According to the photosensitive color composition for a color filter of the present invention, a color filter having a high sensitivity, a high light transmittance, a high contrast, a high resolution, and a constant and excellent chromaticity can be obtained.

[Brief description of the drawings]

FIG. 1 shows the composition of C.I. I. Pigment
Red 254 and C.I. I. Pigment Red 1
Fig. 77 is a light transmission spectrum of a sample No. 77.

FIG. 2 shows light transmission spectra of various Y pigments.

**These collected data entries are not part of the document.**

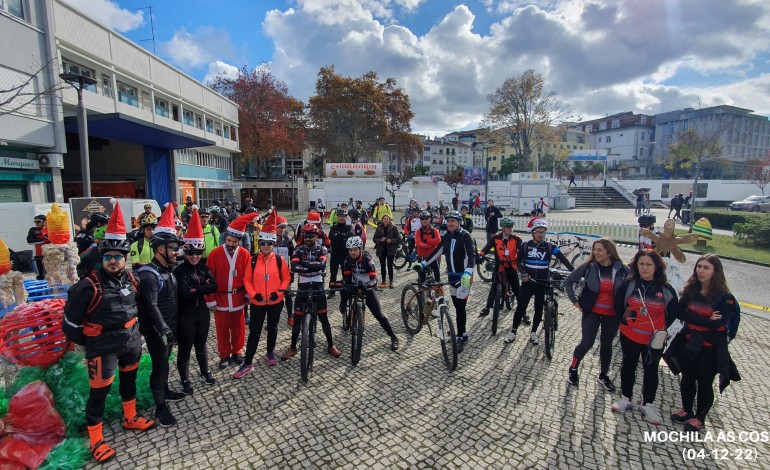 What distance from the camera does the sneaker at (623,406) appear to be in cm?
392

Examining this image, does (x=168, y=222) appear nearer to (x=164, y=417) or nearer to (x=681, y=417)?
(x=164, y=417)

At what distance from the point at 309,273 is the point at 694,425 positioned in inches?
183

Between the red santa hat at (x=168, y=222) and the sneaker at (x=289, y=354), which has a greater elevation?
the red santa hat at (x=168, y=222)

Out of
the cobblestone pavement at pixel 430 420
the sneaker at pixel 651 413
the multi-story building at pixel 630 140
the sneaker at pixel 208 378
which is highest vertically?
the multi-story building at pixel 630 140

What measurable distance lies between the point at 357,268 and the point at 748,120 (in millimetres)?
99687

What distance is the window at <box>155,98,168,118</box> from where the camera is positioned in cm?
2506

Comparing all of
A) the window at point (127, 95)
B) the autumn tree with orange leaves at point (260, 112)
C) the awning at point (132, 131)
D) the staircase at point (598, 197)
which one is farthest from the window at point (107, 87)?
the staircase at point (598, 197)

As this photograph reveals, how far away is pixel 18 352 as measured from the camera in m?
3.16

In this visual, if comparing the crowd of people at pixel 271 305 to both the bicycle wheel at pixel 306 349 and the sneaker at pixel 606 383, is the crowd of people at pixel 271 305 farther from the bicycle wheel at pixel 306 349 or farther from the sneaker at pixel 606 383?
the bicycle wheel at pixel 306 349

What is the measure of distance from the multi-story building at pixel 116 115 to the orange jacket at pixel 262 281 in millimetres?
9433

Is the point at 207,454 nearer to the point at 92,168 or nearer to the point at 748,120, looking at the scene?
the point at 92,168

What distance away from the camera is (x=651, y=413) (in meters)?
3.79

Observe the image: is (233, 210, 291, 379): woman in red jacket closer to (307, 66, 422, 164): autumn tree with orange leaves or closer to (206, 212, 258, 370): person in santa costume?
(206, 212, 258, 370): person in santa costume

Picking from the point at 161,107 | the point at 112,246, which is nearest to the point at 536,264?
the point at 112,246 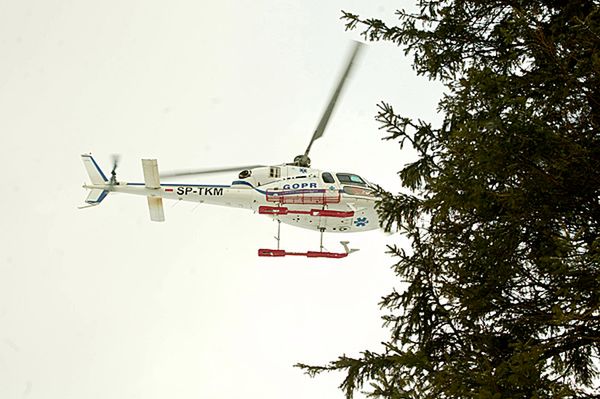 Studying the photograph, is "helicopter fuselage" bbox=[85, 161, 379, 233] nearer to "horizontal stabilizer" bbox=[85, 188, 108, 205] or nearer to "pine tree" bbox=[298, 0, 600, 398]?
"horizontal stabilizer" bbox=[85, 188, 108, 205]

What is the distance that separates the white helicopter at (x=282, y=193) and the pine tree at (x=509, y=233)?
1254cm

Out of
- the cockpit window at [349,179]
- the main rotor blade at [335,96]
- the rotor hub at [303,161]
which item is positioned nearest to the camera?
the main rotor blade at [335,96]

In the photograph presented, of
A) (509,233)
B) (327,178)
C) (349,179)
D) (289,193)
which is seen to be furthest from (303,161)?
(509,233)

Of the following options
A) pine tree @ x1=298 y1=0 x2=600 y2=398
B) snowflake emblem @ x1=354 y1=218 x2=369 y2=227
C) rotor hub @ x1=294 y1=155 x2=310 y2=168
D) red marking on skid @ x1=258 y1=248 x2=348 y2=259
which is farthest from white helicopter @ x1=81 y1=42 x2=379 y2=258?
pine tree @ x1=298 y1=0 x2=600 y2=398

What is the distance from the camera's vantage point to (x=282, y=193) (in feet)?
63.9

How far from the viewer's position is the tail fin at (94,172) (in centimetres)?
1978

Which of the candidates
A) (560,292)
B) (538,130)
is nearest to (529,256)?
(560,292)

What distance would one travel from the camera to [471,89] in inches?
230

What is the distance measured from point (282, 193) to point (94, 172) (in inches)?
222

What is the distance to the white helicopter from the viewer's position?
19.2 meters

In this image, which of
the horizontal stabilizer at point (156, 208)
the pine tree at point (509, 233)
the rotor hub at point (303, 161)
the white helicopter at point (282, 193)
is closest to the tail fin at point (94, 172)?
the white helicopter at point (282, 193)

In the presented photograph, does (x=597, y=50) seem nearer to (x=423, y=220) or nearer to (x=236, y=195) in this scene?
(x=423, y=220)

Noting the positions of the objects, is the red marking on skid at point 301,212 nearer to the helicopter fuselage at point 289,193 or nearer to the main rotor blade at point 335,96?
the helicopter fuselage at point 289,193

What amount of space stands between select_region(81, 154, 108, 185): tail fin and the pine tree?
14.7 meters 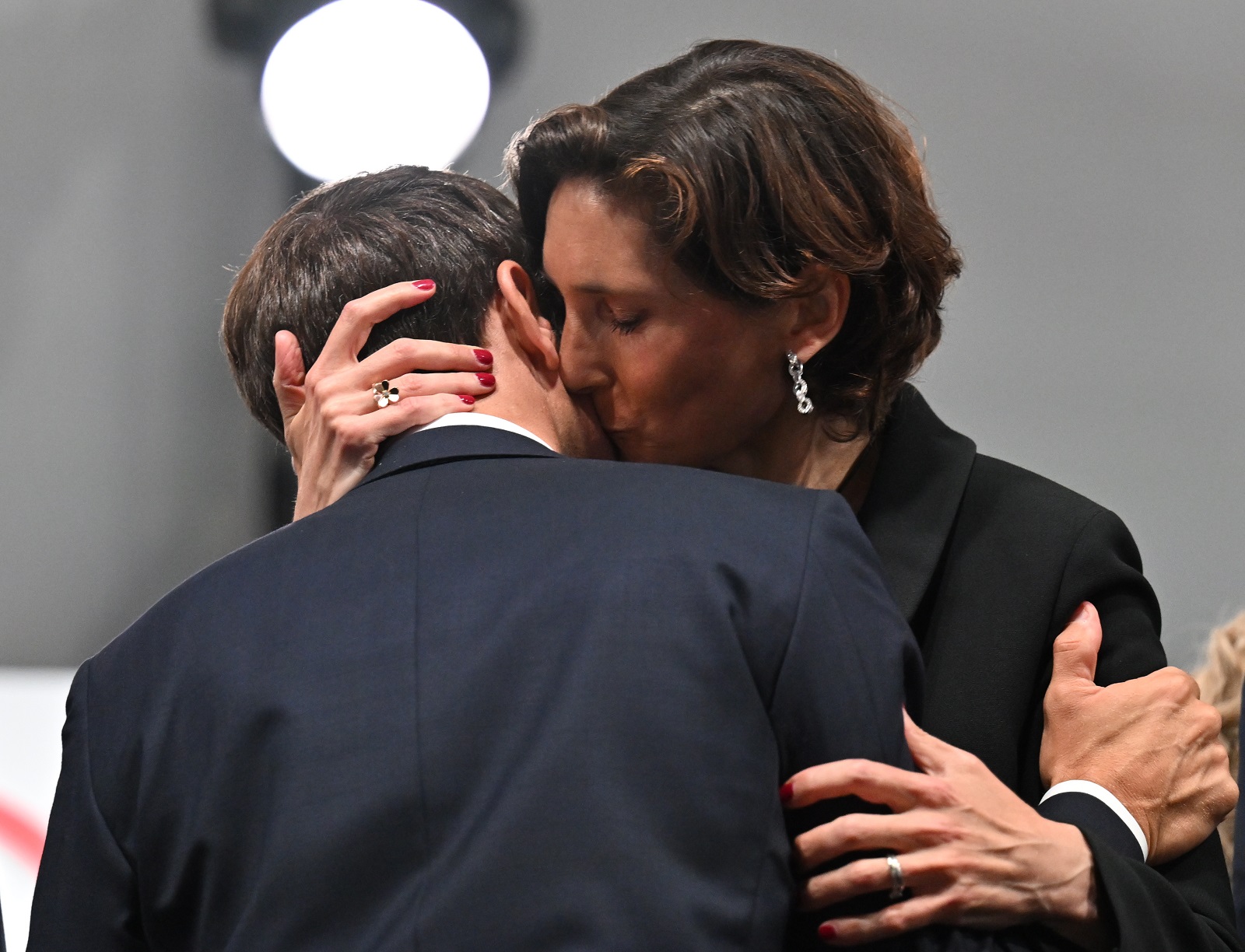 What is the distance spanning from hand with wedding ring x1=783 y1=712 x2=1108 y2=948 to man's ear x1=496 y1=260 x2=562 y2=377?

 ────────────────────────────────────────────────── ─── Continuing on the front page (72) Inventor Naoki Kato 4,000 Kawajiri, Yoshida-cho, Haibara-gun, Shizuoka Pref. BB42 BB46

Claims (6)

[Claims] 1. A photosensitive color composition for a color filter comprising (A) a pigment, (B) a binder resin, (C) a radiation-sensitive compound, and (D) a solvent, wherein the (A) pigment comprises (A) A-1) CI Pigment Red 25
And (A-2) a photosensitive coloring composition for a color filter, which is a combination of at least one type of Red pigment other than CI Pigment Red 254. 2. The red pigment of the above (A-2) is a CI pigment.
Pigment Red 177 and / or CI Pigment Red 224
The photosensitive coloring composition for a color filter according to claim 1, wherein 3. The photosensitive coloring composition for a color filter containing (A) a pigment, (B) a binder resin, (C) a radiation-sensitive compound and (D) a solvent, wherein the (A) pigment is (A) A-1) CI Pigment Red 25
4, and (A-3) the light transmittance at 470 nm is 10
% Or less and a combination of Y pigments having a light transmittance at 535 nm of 80% or more. 4. A photosensitive coloring composition for a color filter comprising (A) a pigment, (B) a binder resin, (C) a radiation-sensitive compound and (D) a solvent, wherein the pigment (A) is (A) -1) CI Pigment Red 25
4, (A-2) at least one type of red pigment other than CI Pigment Red 254, and (A-3) a light transmittance at 470 nm of 10% or less and a light transmittance at 535 nm of 80% or more. A photosensitive coloring composition for a color filter, which is a combination of a certain Y pigment. 5. The red pigment according to (A-2), wherein the red pigment is CI.
Pigment Red 177 and / or CI Pigment Red 224
The photosensitive coloring composition for a color filter according to claim 4, wherein 6. The pigment (A) having an average particle size of 0.01
The photosensitive coloring composition for a color filter according to any one of claims 1 to 5, wherein the thickness is from 0.3 to 0.3 µm.